Tarka Khatri, the Headmaster of Bal Shiksha Higher Secondary School in Kohalpur Municipality Ward No. 13 Bharaiya, said that the risk of encountering wild animals rises when students travel to and from schools of the buffer zone areas of the park during the evening and morning hours.

According to Karki, the park authorities and related agencies believe that it is everyone's responsibility to ensure the safety of the children studying there by fencing open schools that are currently unfenced. 

A total of 18 schools, ranging from primary to secondary levels, are in operation in the buffer zone areas of Banke National Park (BaNP).

With the rise in the population of wild animals in BaNP, it is natural to encounter the animals while passing through the buffer zone areas.

 Gahendra Khadka, chairman of Banke National Park Buffer Zone Area Management Committee, said that the general public should also be educated about the behaviour of wild animals and ways to protect themselves from potential attacks from wildlife.

He said that concerned agencies have been organising various programmes in recent times to ensure the safety of school students and locals in the buffer zone areas of the park from risky situations. 

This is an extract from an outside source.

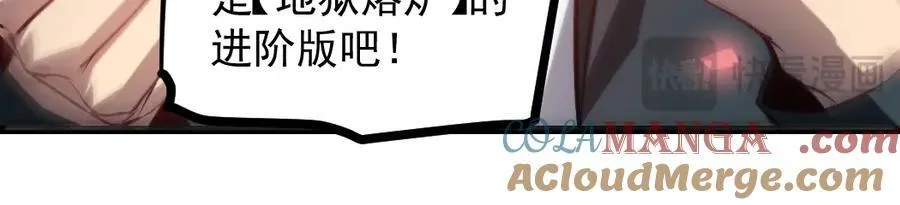 第35话 九黎神藏40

Umesh Paudel, Conservation Assistant of the National Trust for Nature Conservation, Banke, suggested that students could mitigate potential risks by walking in groups rather than walking alone.

He suggested that both parents and teachers should consistently educate children about forest conservation and the associated risks, advising them against venturing into the forest randomly and encouraging them to travel in groups if they must enter the forest.

Ensuring the safety of school students in the buffer zone area of BaNP necessitates action from both the local government and the park authorities. It is crucial to fence unfenced schools and implement special programmes for the safety of students and others.

Similarly, to prevent potential attacks from wild animals students and other community members are advised to travel in groups. However, locals are calling for stakeholders to take immediate action for a long-term solution to the looming risk of animal attacks while working or passing through the buffer zones.